Multivariate PCA revealed that, in larvae (34 dph), the greatest variance was explained by characters associated with fish length and caudal fin morphology (PC I), followed by body height (PC II). In juveniles (71 dph), PC I also reflected body length and fin traits, but PC II captured eye size and vertical body height, indicating a developmental progression in the traits most influenced by six6. DFA further supported these patterns, achieving 71.7% classification accuracy in larvae and 73.6% in juveniles, with particularly strong morphological separation between AA-TT and TT-TT, AT-TT and AT-CT in larvae, and between AT-TT and other haplogenotypes in juveniles. Although different traits and haplogenotypes were assessed at each developmental stage, only 20 overlapping morphometric traits and three shared haplogenotypes enabled direct comparisons. Under these constraints, juveniles showed a higher successful repositioning rate in DFA (75%) compared to larvae (69.70%), indicating greater morphological divergence at the juvenile stage and suggesting that the effects of six6 become more pronounced during later development.
The Kruskal–Wallis tests on allometrically corrected traits reinforced the multivariate findings, revealing significant differences in morphometric features associated with body length, body height, and caudal fin morphology. Body length, a key trait for consumer preference and selective breeding [11,17], shows clear variation across six6 haplogenotypes. Similarly, body height—a critical morphological trait in aquaculture due to its strong correlation with body weight and relevance to both breeding programs and market value [18,60,61]—also displays genotypic differences.

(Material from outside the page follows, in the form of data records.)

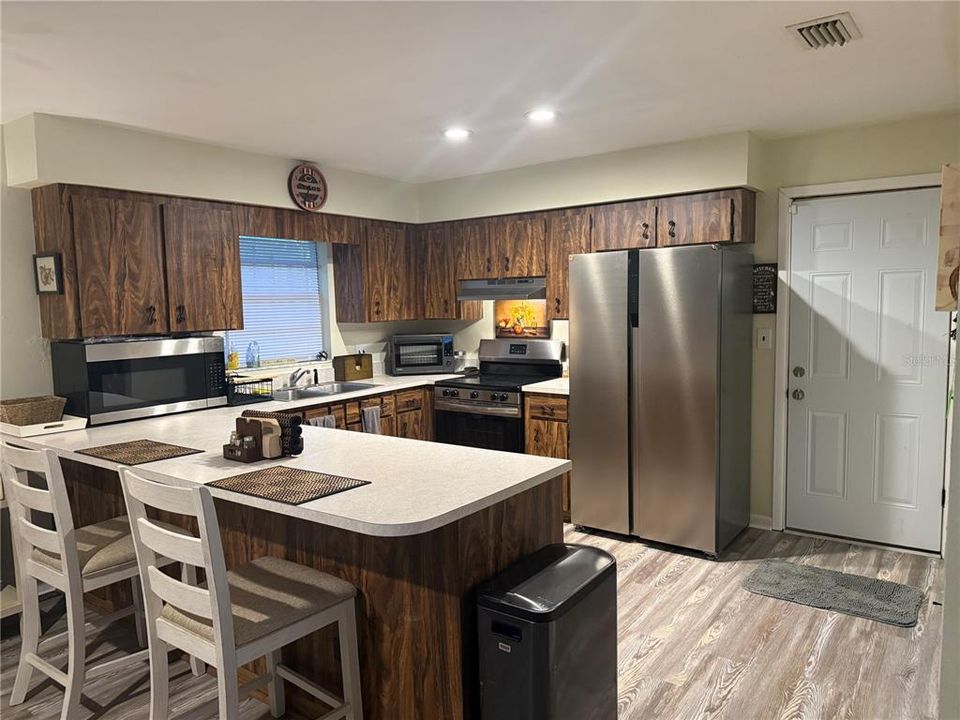 For Sale: $350,000 (3 beds, 2 baths, 1477 Square Feet)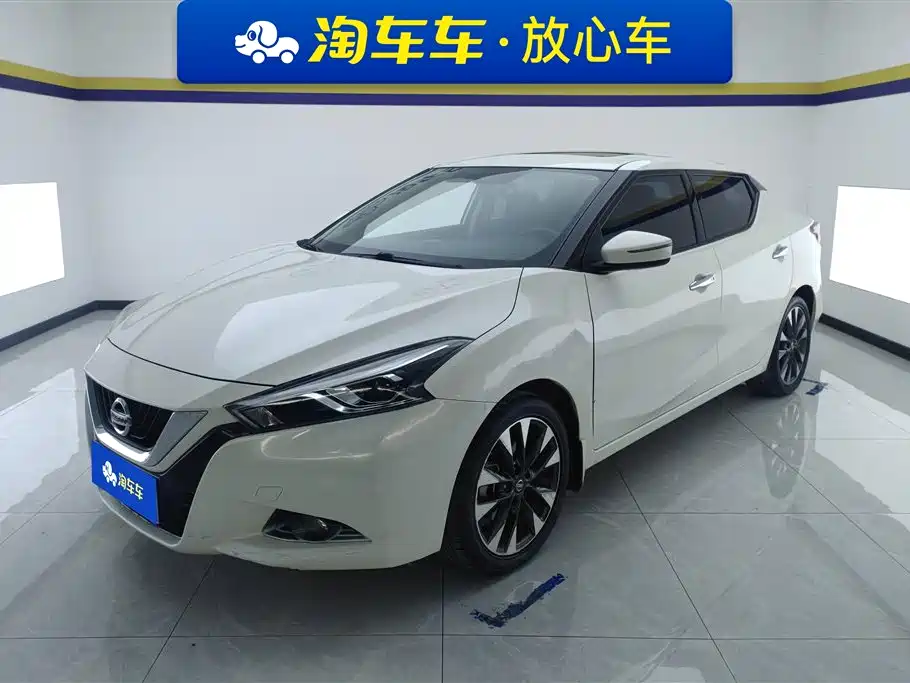 Nissan Bluebird 2019 — фото 1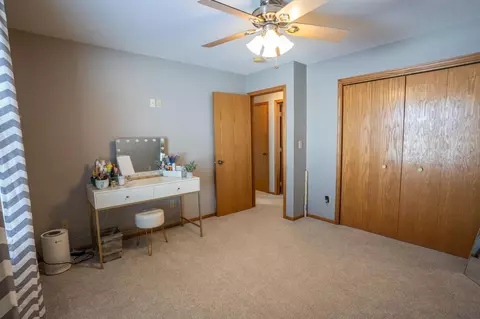 210 8th Ave NW, Plainview, MN 55964 photo 18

In larvae, traits associated with body length (D3, D17) were significantly greater in AT-TT larvae compared to AT-CT (p < 0.003), indicating that the TT genotype at the second SNP may promote greater longitudinal growth during the larval stage. Morphometric distances related to body height (D16, D20) showed significant differences, with AT-TT and TT-TT larvae exhibiting increased height compared to AT-CT (p < 0.002), reinforcing a height-enhancing effect of homozygous TT genotypes. These results imply that the AT-CT haplogenotype, which carries the heterozygous CT genotype at the second SNP, is associated with reduced size-related traits, whereas homozygosity for the TT genotype is linked to increased length and height—consistent with previous gene expression analysis of six6 showing that larvae with the heterozygous AT genotype (at the first SNP) exhibit greater variability in six6 expression compared to homozygous genotypes (AA and TT) at equivalent developmental stages (34 days post-hatching) [30]; possibly reflecting regulatory instability that contributes to the morphological differences observed among genotypes [62,63]. Complementing these morphological patterns, a previous DNA-based study showed that the TT genotype is most frequent in farmed populations and is associated with the domestication process of European seabass [29]. These findings highlight the potential association of six6 genetic variation and expression variability in shaping commercially relevant and ecologically significant traits, such as growth, in the larvae of European seabass.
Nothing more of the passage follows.